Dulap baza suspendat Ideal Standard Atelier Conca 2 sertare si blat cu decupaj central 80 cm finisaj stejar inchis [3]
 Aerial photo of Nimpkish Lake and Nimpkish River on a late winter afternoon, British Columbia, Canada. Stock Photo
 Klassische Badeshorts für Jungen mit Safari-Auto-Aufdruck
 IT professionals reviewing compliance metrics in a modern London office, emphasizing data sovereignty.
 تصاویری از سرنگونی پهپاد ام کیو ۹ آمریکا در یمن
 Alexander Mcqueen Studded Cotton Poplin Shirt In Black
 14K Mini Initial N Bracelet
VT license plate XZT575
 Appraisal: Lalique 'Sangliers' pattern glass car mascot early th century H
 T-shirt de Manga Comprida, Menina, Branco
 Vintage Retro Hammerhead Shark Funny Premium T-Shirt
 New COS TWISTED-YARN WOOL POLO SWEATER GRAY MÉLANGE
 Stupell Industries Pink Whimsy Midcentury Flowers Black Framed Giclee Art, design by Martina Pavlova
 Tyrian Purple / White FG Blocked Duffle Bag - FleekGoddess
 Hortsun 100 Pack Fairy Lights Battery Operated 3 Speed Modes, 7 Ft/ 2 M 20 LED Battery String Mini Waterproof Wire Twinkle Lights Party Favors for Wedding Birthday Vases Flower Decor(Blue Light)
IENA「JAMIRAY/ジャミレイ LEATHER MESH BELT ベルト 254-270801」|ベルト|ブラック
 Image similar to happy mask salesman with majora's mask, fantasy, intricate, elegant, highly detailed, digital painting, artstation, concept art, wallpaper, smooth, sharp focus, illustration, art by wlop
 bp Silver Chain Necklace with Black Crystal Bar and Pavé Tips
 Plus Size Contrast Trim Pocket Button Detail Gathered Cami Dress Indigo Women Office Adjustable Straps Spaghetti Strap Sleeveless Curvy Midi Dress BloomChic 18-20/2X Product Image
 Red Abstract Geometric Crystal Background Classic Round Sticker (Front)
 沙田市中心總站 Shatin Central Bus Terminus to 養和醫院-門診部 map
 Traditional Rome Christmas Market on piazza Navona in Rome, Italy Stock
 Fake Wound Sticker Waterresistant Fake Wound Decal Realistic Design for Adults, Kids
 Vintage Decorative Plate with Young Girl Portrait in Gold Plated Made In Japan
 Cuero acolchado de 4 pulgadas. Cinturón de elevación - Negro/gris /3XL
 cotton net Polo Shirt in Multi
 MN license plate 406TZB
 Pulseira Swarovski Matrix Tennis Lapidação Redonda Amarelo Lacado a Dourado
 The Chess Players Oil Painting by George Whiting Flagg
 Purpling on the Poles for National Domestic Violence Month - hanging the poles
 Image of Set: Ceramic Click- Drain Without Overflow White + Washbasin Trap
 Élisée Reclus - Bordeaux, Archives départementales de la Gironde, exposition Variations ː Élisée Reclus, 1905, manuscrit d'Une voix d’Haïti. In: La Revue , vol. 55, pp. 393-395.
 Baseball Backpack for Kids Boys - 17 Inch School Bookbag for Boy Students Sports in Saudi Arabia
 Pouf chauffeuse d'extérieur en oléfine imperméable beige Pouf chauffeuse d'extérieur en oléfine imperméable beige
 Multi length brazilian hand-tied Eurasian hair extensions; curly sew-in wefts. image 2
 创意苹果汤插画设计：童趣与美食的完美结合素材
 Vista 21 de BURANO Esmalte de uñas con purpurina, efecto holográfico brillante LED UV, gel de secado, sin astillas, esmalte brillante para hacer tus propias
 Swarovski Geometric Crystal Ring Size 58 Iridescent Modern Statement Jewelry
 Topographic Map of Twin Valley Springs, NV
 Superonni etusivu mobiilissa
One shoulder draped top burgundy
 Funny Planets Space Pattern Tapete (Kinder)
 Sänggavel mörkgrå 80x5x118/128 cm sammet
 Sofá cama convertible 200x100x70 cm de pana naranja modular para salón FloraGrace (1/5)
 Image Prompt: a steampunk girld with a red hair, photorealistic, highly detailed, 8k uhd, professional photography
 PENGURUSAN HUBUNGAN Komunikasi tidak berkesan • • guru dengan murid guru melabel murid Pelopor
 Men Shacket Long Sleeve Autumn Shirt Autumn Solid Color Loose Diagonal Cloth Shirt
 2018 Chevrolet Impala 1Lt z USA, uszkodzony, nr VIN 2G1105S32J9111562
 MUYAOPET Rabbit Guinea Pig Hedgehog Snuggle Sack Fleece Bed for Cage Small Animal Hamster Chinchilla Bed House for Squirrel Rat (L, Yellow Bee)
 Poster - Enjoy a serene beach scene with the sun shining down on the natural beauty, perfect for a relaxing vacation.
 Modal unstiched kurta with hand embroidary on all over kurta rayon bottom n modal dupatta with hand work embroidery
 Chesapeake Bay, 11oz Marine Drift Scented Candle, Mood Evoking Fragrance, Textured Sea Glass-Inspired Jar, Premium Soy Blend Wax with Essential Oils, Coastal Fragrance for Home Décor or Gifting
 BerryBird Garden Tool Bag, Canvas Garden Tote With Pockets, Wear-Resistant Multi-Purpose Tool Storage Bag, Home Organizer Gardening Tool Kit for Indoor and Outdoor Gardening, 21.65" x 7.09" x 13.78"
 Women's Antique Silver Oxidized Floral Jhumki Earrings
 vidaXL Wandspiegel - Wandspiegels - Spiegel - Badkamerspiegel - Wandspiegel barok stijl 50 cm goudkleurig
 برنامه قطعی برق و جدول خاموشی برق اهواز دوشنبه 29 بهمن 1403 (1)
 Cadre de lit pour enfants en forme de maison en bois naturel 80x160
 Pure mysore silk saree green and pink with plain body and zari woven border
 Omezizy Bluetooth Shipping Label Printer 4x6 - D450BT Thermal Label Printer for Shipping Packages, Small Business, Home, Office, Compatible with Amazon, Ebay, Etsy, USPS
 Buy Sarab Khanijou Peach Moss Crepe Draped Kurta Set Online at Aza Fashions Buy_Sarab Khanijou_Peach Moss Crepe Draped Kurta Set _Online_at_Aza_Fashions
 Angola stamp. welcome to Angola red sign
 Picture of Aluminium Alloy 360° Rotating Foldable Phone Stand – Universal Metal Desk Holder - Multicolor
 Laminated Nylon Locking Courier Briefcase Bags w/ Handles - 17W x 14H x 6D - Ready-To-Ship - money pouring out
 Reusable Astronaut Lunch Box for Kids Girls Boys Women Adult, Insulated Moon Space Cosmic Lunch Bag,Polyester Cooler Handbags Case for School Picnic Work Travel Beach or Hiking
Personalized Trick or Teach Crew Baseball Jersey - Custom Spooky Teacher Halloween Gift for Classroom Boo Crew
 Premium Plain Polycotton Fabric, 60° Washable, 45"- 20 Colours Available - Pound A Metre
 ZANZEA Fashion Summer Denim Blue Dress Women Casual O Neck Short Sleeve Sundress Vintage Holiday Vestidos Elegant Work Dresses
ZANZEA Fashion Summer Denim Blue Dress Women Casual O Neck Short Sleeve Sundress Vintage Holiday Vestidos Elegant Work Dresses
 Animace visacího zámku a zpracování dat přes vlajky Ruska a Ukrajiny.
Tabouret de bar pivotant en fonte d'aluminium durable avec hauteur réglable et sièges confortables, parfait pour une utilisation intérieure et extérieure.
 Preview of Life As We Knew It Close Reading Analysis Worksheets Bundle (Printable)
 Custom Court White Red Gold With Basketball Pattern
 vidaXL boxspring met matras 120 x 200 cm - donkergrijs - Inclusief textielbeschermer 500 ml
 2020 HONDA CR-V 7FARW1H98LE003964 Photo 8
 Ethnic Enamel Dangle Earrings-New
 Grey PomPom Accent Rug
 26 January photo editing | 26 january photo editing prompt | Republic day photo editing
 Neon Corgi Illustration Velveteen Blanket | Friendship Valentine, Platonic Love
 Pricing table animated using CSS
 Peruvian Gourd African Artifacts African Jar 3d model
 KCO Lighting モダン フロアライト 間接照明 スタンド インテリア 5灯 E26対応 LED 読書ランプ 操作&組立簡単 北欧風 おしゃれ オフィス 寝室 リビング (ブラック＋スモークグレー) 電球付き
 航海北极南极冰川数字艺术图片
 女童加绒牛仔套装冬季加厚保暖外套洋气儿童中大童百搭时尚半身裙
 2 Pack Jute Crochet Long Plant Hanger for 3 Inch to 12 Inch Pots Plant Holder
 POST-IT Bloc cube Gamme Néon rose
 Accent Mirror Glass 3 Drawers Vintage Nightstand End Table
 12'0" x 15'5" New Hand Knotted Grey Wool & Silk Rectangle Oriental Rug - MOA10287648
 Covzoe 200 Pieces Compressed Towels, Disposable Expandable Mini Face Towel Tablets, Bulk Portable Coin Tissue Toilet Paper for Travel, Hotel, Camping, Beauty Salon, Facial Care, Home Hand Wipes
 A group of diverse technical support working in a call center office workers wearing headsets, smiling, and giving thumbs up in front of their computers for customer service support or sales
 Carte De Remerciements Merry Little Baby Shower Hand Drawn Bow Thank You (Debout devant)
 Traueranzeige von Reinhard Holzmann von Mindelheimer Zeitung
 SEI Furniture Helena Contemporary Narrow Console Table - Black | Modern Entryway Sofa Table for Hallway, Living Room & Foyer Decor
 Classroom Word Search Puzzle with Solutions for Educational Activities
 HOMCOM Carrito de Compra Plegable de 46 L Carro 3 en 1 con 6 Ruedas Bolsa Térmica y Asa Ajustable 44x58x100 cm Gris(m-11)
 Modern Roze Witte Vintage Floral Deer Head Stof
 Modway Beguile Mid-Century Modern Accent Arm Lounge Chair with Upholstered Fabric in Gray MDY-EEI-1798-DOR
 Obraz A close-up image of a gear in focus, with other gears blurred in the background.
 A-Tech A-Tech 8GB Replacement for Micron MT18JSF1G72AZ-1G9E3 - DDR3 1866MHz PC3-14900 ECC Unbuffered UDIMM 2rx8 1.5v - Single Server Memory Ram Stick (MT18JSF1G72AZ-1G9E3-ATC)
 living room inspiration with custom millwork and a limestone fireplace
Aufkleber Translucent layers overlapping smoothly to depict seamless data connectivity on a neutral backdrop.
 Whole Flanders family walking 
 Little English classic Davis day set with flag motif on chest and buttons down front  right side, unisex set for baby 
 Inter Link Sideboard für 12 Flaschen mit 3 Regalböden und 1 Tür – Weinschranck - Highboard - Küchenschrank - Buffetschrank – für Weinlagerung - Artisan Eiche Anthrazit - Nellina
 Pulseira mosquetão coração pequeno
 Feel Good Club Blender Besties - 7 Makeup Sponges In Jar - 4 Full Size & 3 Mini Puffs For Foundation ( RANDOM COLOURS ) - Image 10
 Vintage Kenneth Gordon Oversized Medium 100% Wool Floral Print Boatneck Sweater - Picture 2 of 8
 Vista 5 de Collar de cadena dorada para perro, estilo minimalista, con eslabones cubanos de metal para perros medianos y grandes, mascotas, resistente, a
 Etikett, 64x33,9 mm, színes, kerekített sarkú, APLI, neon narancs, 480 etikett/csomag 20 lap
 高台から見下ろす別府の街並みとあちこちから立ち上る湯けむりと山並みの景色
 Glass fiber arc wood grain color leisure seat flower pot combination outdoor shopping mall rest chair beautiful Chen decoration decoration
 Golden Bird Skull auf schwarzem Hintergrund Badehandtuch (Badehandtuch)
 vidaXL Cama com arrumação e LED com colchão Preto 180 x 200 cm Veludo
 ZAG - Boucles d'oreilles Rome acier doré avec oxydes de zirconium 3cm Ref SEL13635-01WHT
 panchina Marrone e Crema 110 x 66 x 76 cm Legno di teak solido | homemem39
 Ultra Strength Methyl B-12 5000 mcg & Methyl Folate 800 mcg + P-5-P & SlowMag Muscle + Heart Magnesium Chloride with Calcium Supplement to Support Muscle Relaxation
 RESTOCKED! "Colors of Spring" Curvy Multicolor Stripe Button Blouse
+---+
WHAT THE EXERCISE ASKS: Transcribe the lines above between the line holding "Klassische Badeshorts für" and the line holding "Purpling on the", inclusive, exactly as they stand and with nothing added.

FINISHED TASK:
 Klassische Badeshorts für Jungen mit Safari-Auto-Aufdruck
 IT professionals reviewing compliance metrics in a modern London office, emphasizing data sovereignty.
 تصاویری از سرنگونی پهپاد ام کیو ۹ آمریکا در یمن
 Alexander Mcqueen Studded Cotton Poplin Shirt In Black
 14K Mini Initial N Bracelet
VT license plate XZT575
 Appraisal: Lalique 'Sangliers' pattern glass car mascot early th century H
 T-shirt de Manga Comprida, Menina, Branco
 Vintage Retro Hammerhead Shark Funny Premium T-Shirt
 New COS TWISTED-YARN WOOL POLO SWEATER GRAY MÉLANGE
 Stupell Industries Pink Whimsy Midcentury Flowers Black Framed Giclee Art, design by Martina Pavlova
 Tyrian Purple / White FG Blocked Duffle Bag - FleekGoddess
 Hortsun 100 Pack Fairy Lights Battery Operated 3 Speed Modes, 7 Ft/ 2 M 20 LED Battery String Mini Waterproof Wire Twinkle Lights Party Favors for Wedding Birthday Vases Flower Decor(Blue Light)
IENA「JAMIRAY/ジャミレイ LEATHER MESH BELT ベルト 254-270801」|ベルト|ブラック
 Image similar to happy mask salesman with majora's mask, fantasy, intricate, elegant, highly detailed, digital painting, artstation, concept art, wallpaper, smooth, sharp focus, illustration, art by wlop
 bp Silver Chain Necklace with Black Crystal Bar and Pavé Tips
 Plus Size Contrast Trim Pocket Button Detail Gathered Cami Dress Indigo Women Office Adjustable Straps Spaghetti Strap Sleeveless Curvy Midi Dress BloomChic 18-20/2X Product Image
 Red Abstract Geometric Crystal Background Classic Round Sticker (Front)
 沙田市中心總站 Shatin Central Bus Terminus to 養和醫院-門診部 map
 Traditional Rome Christmas Market on piazza Navona in Rome, Italy Stock
 Fake Wound Sticker Waterresistant Fake Wound Decal Realistic Design for Adults, Kids
 Vintage Decorative Plate with Young Girl Portrait in Gold Plated Made In Japan
 Cuero acolchado de 4 pulgadas. Cinturón de elevación - Negro/gris /3XL
 cotton net Polo Shirt in Multi
 MN license plate 406TZB
 Pulseira Swarovski Matrix Tennis Lapidação Redonda Amarelo Lacado a Dourado
 The Chess Players Oil Painting by George Whiting Flagg
 Purpling on the Poles for National Domestic Violence Month - hanging the poles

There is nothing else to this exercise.